Therefore, organizations must include targeted financial wellness programs in their employee benefits. A robust workplace wellness program must blend financial literacy with financial competency for proper money management. This mix is necessary because a fat bank account doesn’t necessarily translate to financial wellness, nor does a lean account mean financial doom. Hence, financial wellness interventions are not advocating money, money, or more money but instead seeking ways to alleviate the pressure or stress that may arise from financial worries or woes. An effective wellness program should shift employees’ focus from money to career-building and impact-making as wealth automatically follows.

The whole essence of financial wellbeing can be easily carved out of some statements made by P.T. Barnum, the author of The Art of Money Getting. Paraphrased here, he said, “Choose the right vocation in a proper location and stay in good health. Wealth will automatically follow. However, don’t forget to advertise”. These statements are fundamentally the bedrock of financial wellbeing if you ask me.

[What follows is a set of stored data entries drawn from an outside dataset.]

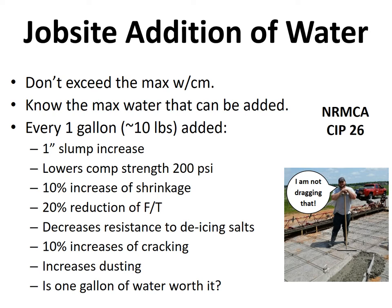When the water-cement ratio or paste content gets too high, you may get dusting. Concrete finishers sometimes throw too much water on the surface while finishing, and the next day there's a white powder — actually calcium hydroxide — on top of the concrete. This shouldn't be confused with efflorescence, which involves salts. The question is: is one gallon of water really worth all those negatives for just a one-inch slump increase?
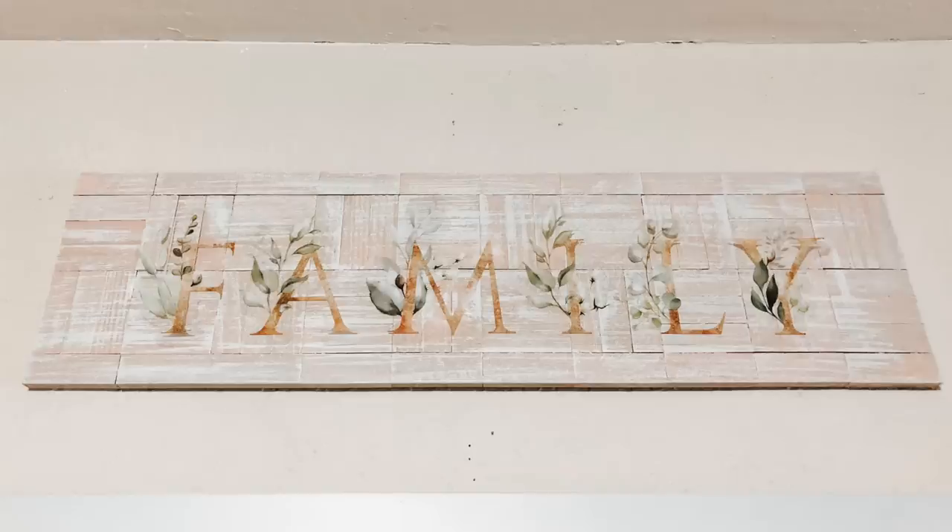If this is your first time here, thank you so much for joining me. I would love it if you became part of the DIY family by subscribing to my channel and hitting the bell so you're notified every time I upload a video. Let's get on to the inspired decor DIYs!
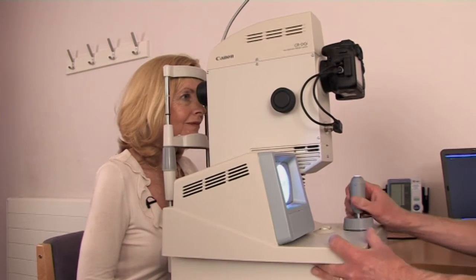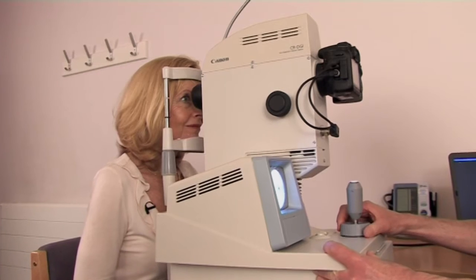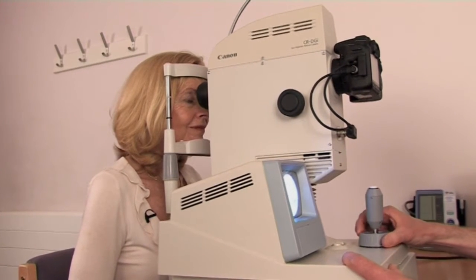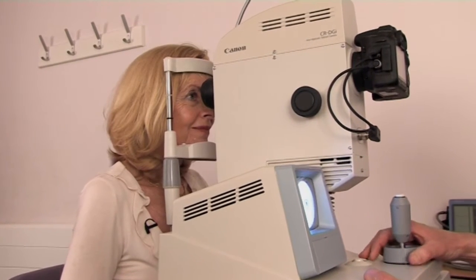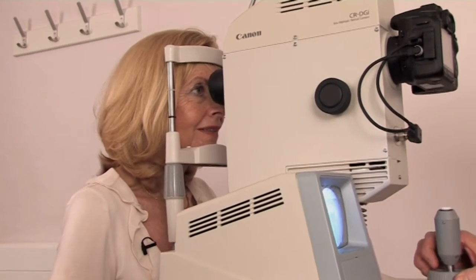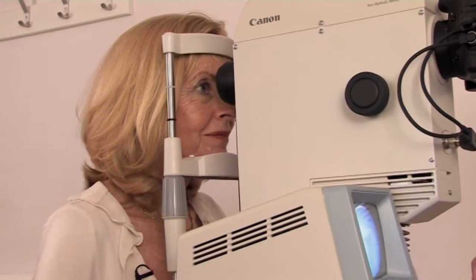Now, all I need you to do is look directly ahead, and you should see a little orange light. If you stare at that orange light for me, it's going to change to a green one just outside the camera. That's it, that's perfect. Keep watching that little green one, and hold that nice and steady. Both eyes nice and wide for me. Lovely, that's one done.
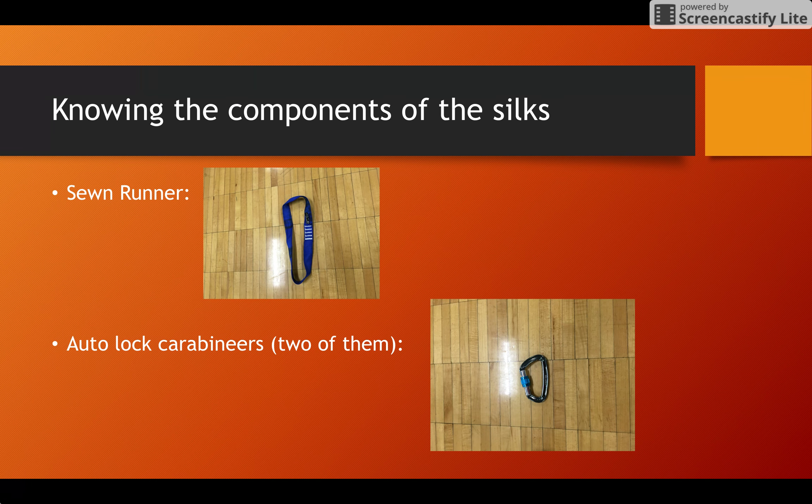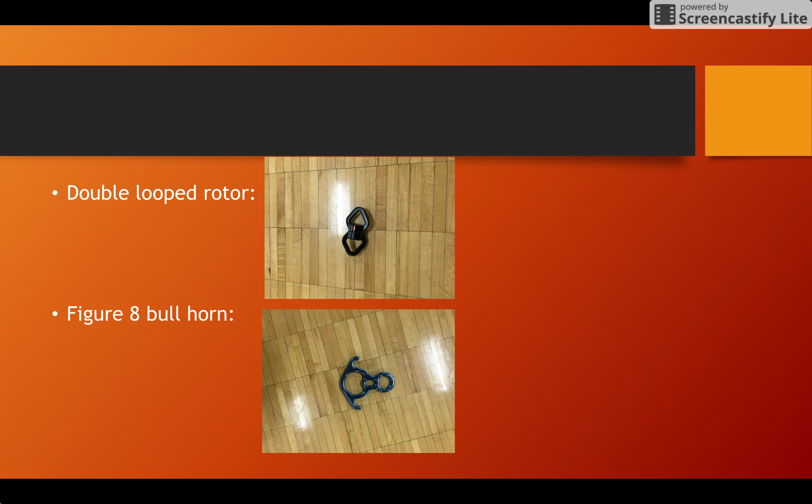Right below this, we have one of our two auto-lock carabiners. These can be either auto-lock or manual lock. Either way, you want to make sure you have two properly locking carabiners. Attached to each end of this double-looped rotor is going to be one of each of the auto-lock or manual lock carabiners.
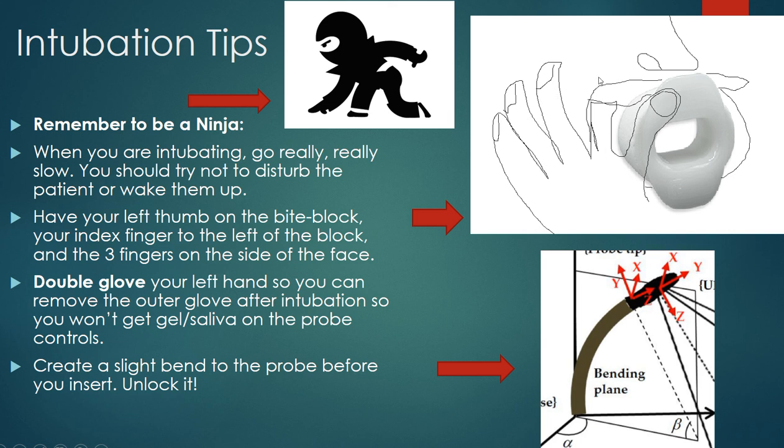It's important to double glove your left hand to make sure you can remove the outer glove after you intubate the patient, so that you don't put your hand on the probe that's covered in saliva — it'll be difficult to turn your wheels and it's just not as nice for your sonographers.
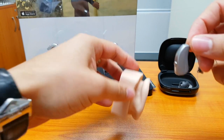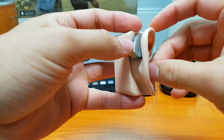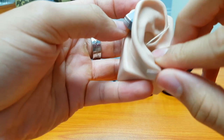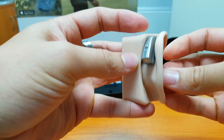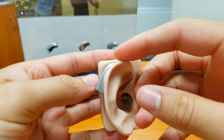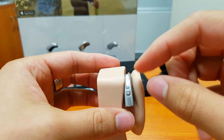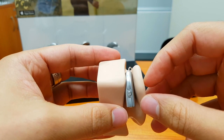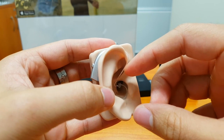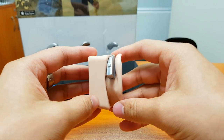Placing this on the dummy, the hearing aid sits maybe halfway down the ear, yet we still have access to the button at the back. We've got that thin wire coming down with the speaker unit sitting deep inside the ear canal.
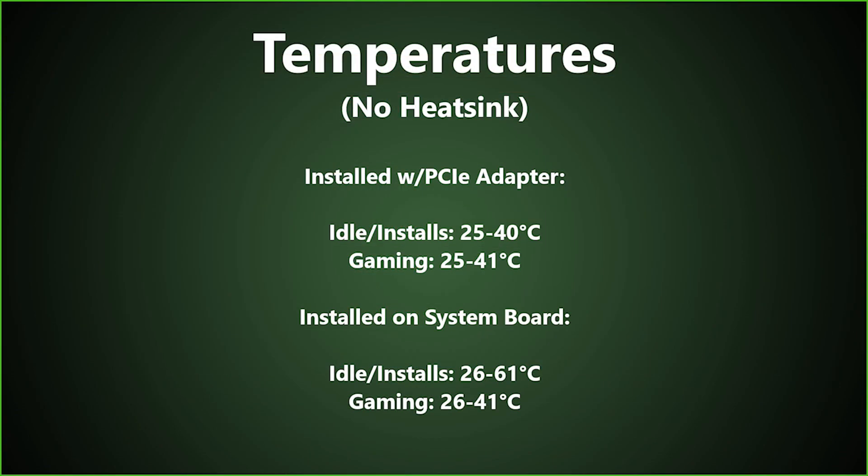We also monitored temperatures on the card based off different environments. Let us know what temperatures you receive if you purchase this card.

Before designing and developing such a program that will not only meet all requirements but also capture the essence of financial stability, the following four key steps must be considered for effectiveness and efficiency:

Conduct Employee Need Assessment: There is a myriad of programs that can be deployed to boost morale, reduce absenteeism, increase engagement, increase productivity, and attract or retain talent. However, to ensure effectiveness and efficiency, a qualified program developer must assess employees’ needs. Moreover, because needs differ from individuals based on demographics, circumstances, and personal goals, an assessment is required to map out strategies, make a business case, and set objectives.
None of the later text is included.